Guest Posted October 30, 2000 Posted October 30, 2000 ditto.... If there is no precident, call the attorney who wrote the document and ask him for the interpretation. I would not recommend that you just pick 50/50 out of the air because you think it seems reasonable without reviewing prior calcs and/or consulting with the attorney.
Gary Posted October 31, 2000 Author Posted October 31, 2000 I agree with your comments. I am looking at it from participant's perspective and playing devil's advocate. So my question really is, could it be MUCH of a case to argue that a 95/5 table is unreasonable (regardless of what plan has done) since it is not specified. Plan says the actuary determined it to be 95/5 based on employee population.
david rigby Posted October 31, 2000 Posted October 31, 2000 If there is no precedent, and no other indication of the original intent, then using the actual population as of a particular time is not an unreasonable definition, but that should mean a one-time decision, not likely to change. BTW, if the actual population is really 95/5, then it seems silly to me to define a blend. Another perpective is that you don't really care about the population mix; a better comparison would be the PV of benefits (probably using a turnover assumption) as of some "snapshot" date. At any rate, you would probably want to round your blending percentages, especially if you expect that data as of your snapshot might be changing.
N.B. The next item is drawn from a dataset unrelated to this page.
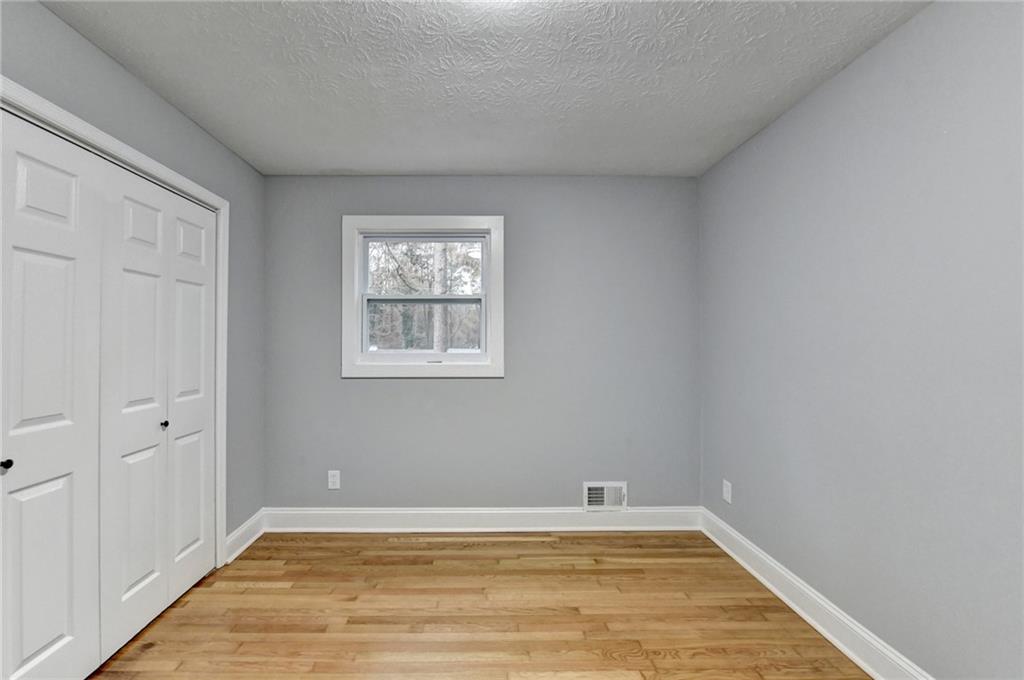 5169 Oxbow Road Stone Mountain, GA 30087 - Photo 27 of 58 a view of empty room with wooden floor
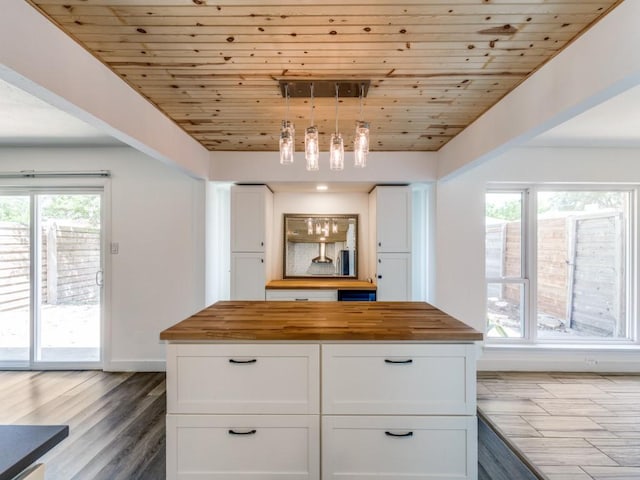 4857 Fallon Pl, Dallas, TX 75227 - kitchen with wood counters, white cabinetry, wood ceiling, wood finished floors, and hanging light fixtures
For example, if you have 84/16, then round to 80/20, or even 75/25. If the group is expected to change significantly over the next 10 years, then 60/40 might be reasonable. I'm a retirement actuary. Nothing about my comments is intended or should be construed as investment, tax, legal or accounting advice. Occasionally, but not all the time, it might be reasonable to interpret my comments as actuarial or consulting advice.